The diagnostic technique
For any model trained with a sum of two loss terms (here CE + λ×CRF NLL), the question "which loss is dominating the optimisation right before divergence?" has a cheap answer. Take a checkpoint from the just-before-climb step. Run one forward, then two backwards — once with CE only, once with CRF only — and compare gradient norms.
# CE-only backward
ce_loss = F.cross_entropy(logits.view(-1, num_labels), labels.view(-1), ...)
ce_loss.backward(retain_graph=True)
ce_norm = sum(p.grad.detach().pow(2).sum() for p in model.parameters() if p.grad is not None) ** 0.5
# CRF-only backward
model.zero_grad()
crf_loss = model.crf(emissions=logits, tags=labels.clamp(min=0), mask=crf_mask, reduction=crf_reduction)
crf_loss.backward()
crf_norm = sum(p.grad.detach().pow(2).sum() for p in model.parameters() if p.grad is not None) ** 0.5
ratio = crf_norm / max(ce_norm, 1e-12)
The whole probe runs in a few minutes against an existing checkpoint. No retraining, no instrumentation in the train loop, no special-mode flag — just two backwards on a stored set of weights.
What the probe revealed
Two checkpoints sampled — one at the inflection point (loss settled at 0.63, about to climb) and one deep in the climb (loss 1.92):
| Checkpoint | Phase | ‖∇_CE‖ | ‖∇_CRF‖ | ratio |
|---|---|---|---|---|
| v3-ablation step-500 | settled, about to climb | 7-17 | 149-275 | median 16.2 |
| phrase-off step-1500 | deep in climb | 4-5 | 30-46 | median 8.0 |
Two conclusions, both unexpected before the probe:
- The CRF gradient is 8-20× larger than the CE gradient. With
crf_loss_weight=0.05, that means the effective contribution to backward is roughly 1:0.8 CE:CRF — close to 1:1 weighted, dominated by CRF. The hand-tunedcrf_loss_weightknob did not produce the gentle CRF regularisation it was supposed to. - The ratio shrinks during divergence (16 → 8). Not because CRF is collapsing — CRF gradient is still 30-45 in magnitude — but because CE is growing relative to CRF as the model gets dragged off its basin. CE is fighting back and losing.
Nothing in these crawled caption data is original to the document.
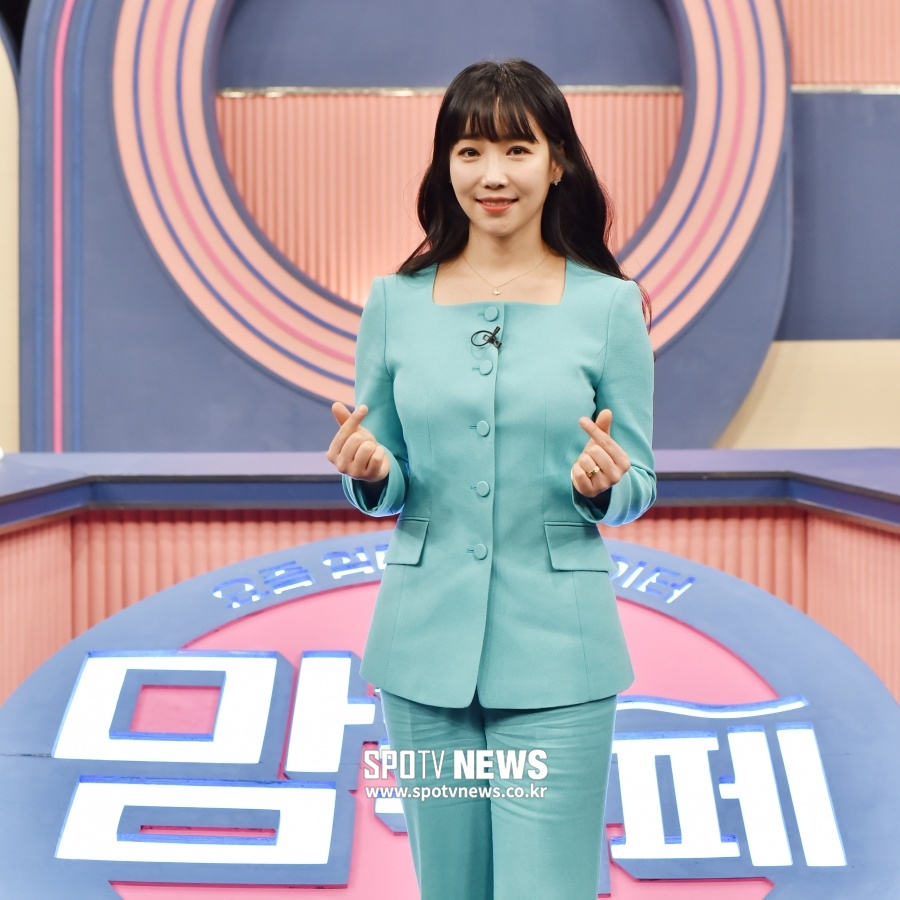 [포토]이유리 '맘 편한 카페, 많이 사랑해주세요'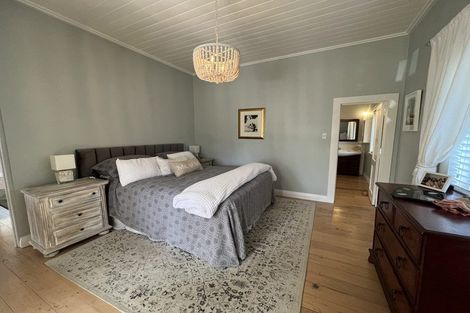 Photo of property in 11 Ocean View Road, Milford, Auckland, 0620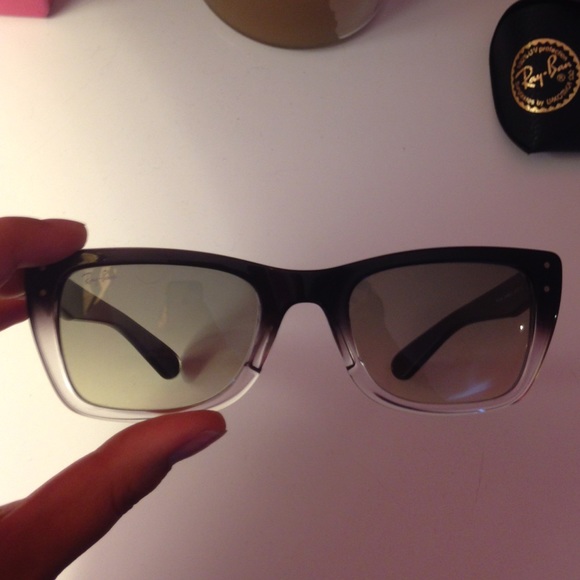 Authentic Ray-bans! - Picture 3 of 3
The cooperative vs conflict regime model
The probe results are consistent with a specific story about why dual-loss training survives early and breaks late:
Above loss ~0.41 (cooperative regime). The model starts at high entropy — random predictions, no structural understanding. Both loss surfaces slope downhill toward the same broad basin: "become less random." CE wants to refine per-token accuracy from random. CRF wants to maximise transition-probability coherence from random. Both objectives direct the optimiser the same way. Training descends cleanly.
Below loss ~0.41 (conflict regime). The model exits the high-entropy basin and starts making fine-grained decisions — specific per-token trade-offs between similar tags, structural patterns the CRF can score. CE and CRF stop agreeing. CE wants to refine per-token accuracy. CRF wants transition-probability shapes that may push individual tokens toward technically-coherent but locally-wrong tags. The two objectives now point in opposing directions on this data.
The optimiser follows whichever loss has the larger gradient. With CRF at 16× CE magnitude, the CRF wins. The model gets dragged off its CE-preferred basin toward a CRF-preferred attractor that CE actively disagrees with. CE loss climbs as collateral damage.
The "below 0.41" boundary is specific to this data and architecture: it marks the level where the cooperative-vs-conflict transition happens. Different corpora, label spaces, or model sizes would shift it. The structure of the failure is the load-bearing observation.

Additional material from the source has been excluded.